Des soldats israéliens en poste près de la frontière entre Israël et la bande de Gaza lors d’une manifestation de Palestiniens, le 6 avril. / AMIR COHEN / REUTERS

Plusieurs ministres israéliens ont réagi mardi 10 avril à la diffusion d’une vidéo montrant des soldats tirer sur un Palestinien non armé dans la bande de Gaza et se réjouir bruyamment de l’avoir atteint.

Cette vidéo a été diffusée lundi soir par 10, une chaîne de télévision israélienne privée, qui n’a pas précisé comment elle l’avait obtenue, avant d’être largement reprise sur les réseaux sociaux et dans les médias israéliens.

Les images semblent d’abord montrer un Palestinien immobile près de la barrière marquant la frontière entre Israël et la bande de Gaza. Ce dernier, qui ne semble pas représenter une menace immédiate, est ensuite touché par des tirs en provenance d’une position occupée par des soldats sur le territoire israélien. Au moment où le Palestinien s’écroule, des cris de joie poussés apparemment par des soldats israéliens sont entendus : « Quelle vidéo, fils de pute, quelle vidéo, bien sûr que j’ai filmé ! »

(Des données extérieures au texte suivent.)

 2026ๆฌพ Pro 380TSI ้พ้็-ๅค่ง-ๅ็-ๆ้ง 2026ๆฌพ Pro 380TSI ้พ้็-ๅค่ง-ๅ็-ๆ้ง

Une vidéo de décembre 2017, selon l’armée

Après avoir annoncé l’ouverture d’une « enquête approfondie », l’armée israélienne a confirmé mardi l’authenticité de cette vidéo tout en assurant qu’elle datait de décembre 2017. « Après avoir tenté de disperser les émeutiers (…) une balle a été tirée en direction d’un des Palestiniens soupçonnés d’être le meneur des émeutiers. Il a été touché à la jambe », affirme Tsahal dans un communiqué. Il était impossible de savoir si le Palestinien touché a été tué.

« Le sniper devrait recevoir une médaille et celui qui a filmé être rétrogradé », a réagi mardi le ministre de la défense israélien, Avigdor Lieberman. « On en fait beaucoup trop avec cette vidéo. Il ne s’agit pas de tirs sur n’importe qui, mais sur un terroriste qui s’approche de la barrière dans une zone interdite d’accès et en provenance d’une région contrôlée par les terroristes du Hamas », a pour sa part affirmé le ministre de la sécurité intérieure, Gilad Erdan.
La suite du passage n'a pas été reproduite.